Melissa Tamminga: Mike, you will be happy to know that my inveterate snobbery will remain intact since my favorite blockbuster is the Chinese one Evan mentions, The Mermaid, that Chow-zany romp with a singing scene with roasted chicken that rivals the most deeply involving singing of Sunset Song. (And I would like, at this point, to blame my snobbery on Sean, who makes me pay attention to Chinese movies.) Still, I fear my snobbery may lose a few points if I say I quite enjoyed Ghostbusters. (Although, hmm, perhaps that didn’t reach “blockbuster” status?) The discussion surrounding it was tedious in the extreme, but I appreciated going to a mass-marketed film that gave me a taste of what it might be like to live in a world where a major film features women in significant roles and doesn’t rely on a love story to drive its conflict/action. It was, on many levels, a merely mediocre film (though I’m always happy to spend time with Wiig, Jones, McCarthy, and McKinnon), but so are Marvel films, and yet we get them, one after the other after the other, relentlessly. Do I dare dream of a world where the films at the box office – good, bad, mediocre – are peopled by women as much as they are by men?

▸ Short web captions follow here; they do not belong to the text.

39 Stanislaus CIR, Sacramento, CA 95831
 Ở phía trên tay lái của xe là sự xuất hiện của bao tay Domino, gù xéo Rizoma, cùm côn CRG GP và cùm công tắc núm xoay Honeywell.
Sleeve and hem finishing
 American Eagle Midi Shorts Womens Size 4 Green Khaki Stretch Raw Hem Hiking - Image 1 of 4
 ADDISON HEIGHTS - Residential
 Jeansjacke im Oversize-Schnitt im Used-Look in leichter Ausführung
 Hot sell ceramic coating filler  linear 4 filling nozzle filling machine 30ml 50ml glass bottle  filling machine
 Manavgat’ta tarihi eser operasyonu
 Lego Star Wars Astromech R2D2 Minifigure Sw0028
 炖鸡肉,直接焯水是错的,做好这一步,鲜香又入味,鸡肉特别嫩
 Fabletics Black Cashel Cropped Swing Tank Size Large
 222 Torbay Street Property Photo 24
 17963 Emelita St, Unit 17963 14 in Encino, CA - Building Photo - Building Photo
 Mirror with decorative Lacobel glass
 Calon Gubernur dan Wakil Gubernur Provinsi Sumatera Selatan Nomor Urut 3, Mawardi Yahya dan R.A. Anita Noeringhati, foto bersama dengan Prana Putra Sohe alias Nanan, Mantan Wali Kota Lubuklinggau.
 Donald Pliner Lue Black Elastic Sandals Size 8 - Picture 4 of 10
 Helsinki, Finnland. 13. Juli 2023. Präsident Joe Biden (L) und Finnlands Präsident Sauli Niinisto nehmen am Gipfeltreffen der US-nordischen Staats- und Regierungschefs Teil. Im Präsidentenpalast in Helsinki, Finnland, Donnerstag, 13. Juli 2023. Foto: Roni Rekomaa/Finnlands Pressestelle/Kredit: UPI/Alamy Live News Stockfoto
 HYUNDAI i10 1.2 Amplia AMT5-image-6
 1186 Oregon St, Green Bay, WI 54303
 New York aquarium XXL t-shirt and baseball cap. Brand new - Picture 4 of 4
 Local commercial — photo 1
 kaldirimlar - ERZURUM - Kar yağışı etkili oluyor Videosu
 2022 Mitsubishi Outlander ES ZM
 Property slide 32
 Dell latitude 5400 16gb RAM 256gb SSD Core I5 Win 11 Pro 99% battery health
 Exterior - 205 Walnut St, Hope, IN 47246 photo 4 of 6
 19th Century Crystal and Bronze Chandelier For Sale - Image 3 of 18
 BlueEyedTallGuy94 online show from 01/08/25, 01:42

Sue Lonac: I normally adore blockbusters but I was really disappointed this year. As much as I love the Marvel cinematic universe, Tilda Swinton, and trippy mysticism, I just couldn’t get behind Doctor Strange. It was just Iron Man with scalpels.
Sean Gilman: What have come out are an endless supply of the same blockbuster product Hollywood’s been taunting us with for almost a decade now: bloated superhero origin stories, dark reboots of Valuable Intellectual Properties and the lazily half-written, half movies that pass for comedies, exploiting the likability of SNL alums and Anna Kendrick and making even the weirdest vulgarities seem utterly banal. I think I managed to sit through only a couple of Hollywood “blockbusters” this year: Doctor Strange and Ghostbusters. At least Michael Bay’s 13 Hours was more memorable in its mediocrity. So yeah, I’ll echo Evan and Melissa and assert that the best blockbusters of the year came out of Asia: The Mermaid, SPL 2: A Time for Consequences, Call of Heroes and The Age of Shadows.
Ryan Swen: Does Sully count? Nothing else rose above the level of “mostly interesting”, my irrational but fading fascination with Batman v Superman: Dawn of Justice aside.